A Pulse Passes from Hand to Hand

An easy Saturday light fades in, surrounding the music of sound artist Jeremy Young and cellist Aaron Martin. You wake up resting on a snug, pillow-soft layer of ambiance, made all the more pleasant by the lightly golden tape loop that shines in through the window and replaces the Sun with its vapours of ambient. A Pulse Passes from Hand to Hand; the warm glow passes from the Sun and falls upon us. It’s a gift. The watery sound of the piano passes easily through the white fluffy clouds that carry the developing ambient tone; from sky to land, from hand to hand.

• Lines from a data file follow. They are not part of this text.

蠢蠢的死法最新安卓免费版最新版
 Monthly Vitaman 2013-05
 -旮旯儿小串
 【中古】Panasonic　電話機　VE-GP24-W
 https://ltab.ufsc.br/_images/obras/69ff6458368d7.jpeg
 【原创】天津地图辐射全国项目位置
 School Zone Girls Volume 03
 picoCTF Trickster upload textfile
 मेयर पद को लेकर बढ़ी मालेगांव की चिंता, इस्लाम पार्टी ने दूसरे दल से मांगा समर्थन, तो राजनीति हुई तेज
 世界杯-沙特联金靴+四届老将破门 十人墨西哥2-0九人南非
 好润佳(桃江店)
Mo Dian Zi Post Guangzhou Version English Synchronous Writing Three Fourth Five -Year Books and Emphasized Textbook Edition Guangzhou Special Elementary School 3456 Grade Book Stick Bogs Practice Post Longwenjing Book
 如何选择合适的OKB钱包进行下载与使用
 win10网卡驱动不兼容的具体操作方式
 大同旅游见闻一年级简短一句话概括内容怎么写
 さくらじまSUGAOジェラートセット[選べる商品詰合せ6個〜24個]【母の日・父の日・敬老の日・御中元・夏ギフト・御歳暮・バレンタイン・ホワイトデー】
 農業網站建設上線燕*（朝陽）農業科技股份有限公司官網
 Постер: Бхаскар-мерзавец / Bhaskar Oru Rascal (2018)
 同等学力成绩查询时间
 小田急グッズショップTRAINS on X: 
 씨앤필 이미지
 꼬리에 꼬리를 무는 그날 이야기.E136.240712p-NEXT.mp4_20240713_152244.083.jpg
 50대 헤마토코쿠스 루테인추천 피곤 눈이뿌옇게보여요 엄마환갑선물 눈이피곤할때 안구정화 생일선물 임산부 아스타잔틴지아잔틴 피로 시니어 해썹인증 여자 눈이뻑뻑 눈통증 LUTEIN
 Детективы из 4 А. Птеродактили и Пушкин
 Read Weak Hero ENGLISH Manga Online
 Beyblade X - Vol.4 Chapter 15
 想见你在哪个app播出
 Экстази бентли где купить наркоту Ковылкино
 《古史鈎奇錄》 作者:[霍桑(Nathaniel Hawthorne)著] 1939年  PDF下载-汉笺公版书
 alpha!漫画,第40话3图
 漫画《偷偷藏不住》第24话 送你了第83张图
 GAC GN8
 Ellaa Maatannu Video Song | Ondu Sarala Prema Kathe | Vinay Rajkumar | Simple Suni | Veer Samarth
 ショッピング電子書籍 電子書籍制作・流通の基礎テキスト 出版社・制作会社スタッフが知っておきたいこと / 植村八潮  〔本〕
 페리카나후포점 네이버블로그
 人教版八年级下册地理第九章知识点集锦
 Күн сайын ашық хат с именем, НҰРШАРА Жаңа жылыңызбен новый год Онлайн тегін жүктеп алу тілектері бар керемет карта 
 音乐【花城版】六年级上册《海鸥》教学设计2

A single tape loop of a short piano composition is then built upon, stone by stone, accompanied by atmospheric textures, clean, shimmering guitars, higher notes that dapple the loop with the tranquil light of early morning and cool cello phrases that cast shadows over the swathes of suburbia. The loop is cemented into the music, and this lets everything else slowly approach and fully explore their environment without any fear of it all collapsing. They have the kind of unabashed freedom that improvisation so often permits; it can never be dulled or diluted. The cello fades in early on, and the notes glisten in the burning amber of the light. The dynamics of the cello rise to a point of no return, concealing the loop with its thick, leathery texture as it wraps itself around the piano, Boa-style. At this point, the piano can only weakly glint, but it doesn’t take long for everything else to fade away, and it quickly becomes clear that the piano is the one with the staying power; the alpha and the omega.

The piano sits resolutely, but the wobbling, minimal electronics twirl in the air, like the casual descent of an autumn leaf. It’s the beginning of a season, set to music. The pulse of the music passes from the artist to the listener in a never ending cycle. While the loops inevitably repeat and do not in the slightest way vary, the cello is always hovering around, and her melodic pathways push the music forward; it’s never held back by the loop. Talking of loops, the piano is a fragile sound; it could be torn apart by anything, but it never is. Vaguely melancholic, but swimming in a lake of cherished memories, the piano’s recurring phrase sedates the music. No more is this the case than on ‘Bercaux’, where the loop softly ripples. There’s a natural beauty to the music. You can imagine pine-scented trees and waterfalls drenched in a spray of white foam. Sometimes, the piano is left alone; left to hang in the black, still hour. It eventually drifts dreamily into a blurred tone as its notes drip onto the ground. A cello starts to emerge, all the while cocooned and protected by the familiar gaze of the loop. The piano loses its harder edges. They finally melt away, but its melody still lingers in the form of echoes and its pulse can still be felt.